Challenge advises against running them tubeless and while I am running them on some Velocity Aileron rims (which are road tubeless ready) I decided to see how they ride with latex tubes. They measure exactly 38mm on the 20mm rims when I first aired them up to 70psi (just to mount them). 

I think the rain and snow has finally let up here so I should get some time on them this week.

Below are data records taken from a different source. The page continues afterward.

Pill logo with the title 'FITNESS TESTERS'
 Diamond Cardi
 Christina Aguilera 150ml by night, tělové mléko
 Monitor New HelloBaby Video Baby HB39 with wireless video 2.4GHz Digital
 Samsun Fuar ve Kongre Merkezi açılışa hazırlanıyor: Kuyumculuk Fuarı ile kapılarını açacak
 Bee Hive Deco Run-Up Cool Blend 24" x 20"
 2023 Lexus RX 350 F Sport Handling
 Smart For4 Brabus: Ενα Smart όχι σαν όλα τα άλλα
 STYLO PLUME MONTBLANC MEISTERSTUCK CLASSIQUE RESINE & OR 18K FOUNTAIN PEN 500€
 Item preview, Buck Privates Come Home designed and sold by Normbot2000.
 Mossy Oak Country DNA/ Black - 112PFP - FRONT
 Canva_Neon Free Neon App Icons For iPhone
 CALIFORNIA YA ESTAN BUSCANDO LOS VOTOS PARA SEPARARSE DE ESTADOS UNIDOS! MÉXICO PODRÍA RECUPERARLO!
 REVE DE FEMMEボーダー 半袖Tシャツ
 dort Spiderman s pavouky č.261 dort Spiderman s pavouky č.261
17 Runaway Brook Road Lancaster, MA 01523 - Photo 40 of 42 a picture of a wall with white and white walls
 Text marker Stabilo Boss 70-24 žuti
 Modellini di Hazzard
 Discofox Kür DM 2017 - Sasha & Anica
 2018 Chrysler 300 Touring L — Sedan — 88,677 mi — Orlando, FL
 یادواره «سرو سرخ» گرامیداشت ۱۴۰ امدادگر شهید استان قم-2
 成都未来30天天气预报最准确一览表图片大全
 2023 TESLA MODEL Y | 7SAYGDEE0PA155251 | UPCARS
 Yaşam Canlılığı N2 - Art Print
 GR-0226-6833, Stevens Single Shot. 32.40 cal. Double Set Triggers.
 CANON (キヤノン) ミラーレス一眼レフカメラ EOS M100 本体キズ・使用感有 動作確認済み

I'd also recommend the Ritchey Shield. They say 700x35, but mine measure a massive 39.8 on the Ailerons. They aired up tubeless and I ran them without issue for a few hundred miles on mostly gravel with a bit of paved commuting. They roll well, and are quite grippy in a wide range of gravel conditions. It's something of a sleeper tire as everyone is looking for volume but no one seems to know about this one.

S


----------



## NJBiker72

froze said:


> Panaracer Gravel King but they go only to 32 but they are I think the highest rated for gravel. Panaracer: Professional Bicycle Tires| Road


Agree with this. I use the Pasela TG because I do not think the Gravel King was out then, but would go with the Gravel King if doing it now.


----------



## HEMIjer

Dan Gerous said:


> Right now I'm trying Panaracer GravelKings but the smoother/smaller 700x28 because it's for a mix of dirt and pavement, happy so far but too small for some coarser, looser gravel. I manage on the loose stuff as there is not that much of it around.
> .


If using a road bike 28 Gravel Kings are good but sounds like the ability to go wider so that is always the best choice. I like the 28 Gravel Kings and they have been solid all around for me, still no replacement for a faster rolling cross tire though.


----------



## Dan Gerous

HEMIjer said:


> If using a road bike 28 Gravel Kings are good but sounds like the ability to go wider so that is always the best choice. I like the 28 Gravel Kings and they have been solid all around for me, still no replacement for a faster rolling cross tire though.


I agree. I chose these because I didn't want to bother switching tires for road rides and they ride pretty well on paved roads (did a 140km road ride on them last friday and they didn't seem to slow me down too much compared to typical lighter, faster, racier road tires... although I admit, most paved roads around here are so bad, they're closer to cobbled roads) but they are better than typical road tires on gravel/dirt, so it's a good compromise for my use. Despite the name though, this is not a pure gravel tire, I'd compare it more with Vittoria Pavés or other Paris-Roubaix style tires than dedicated gravel tires.


----------



## bubba117

thanks for the tip! what wheels are you running in the photo?


----------



## Stevereeneo

*My build - Aileron Rims...*



bubba117 said:


> thanks for the tip! what wheels are you running in the photo?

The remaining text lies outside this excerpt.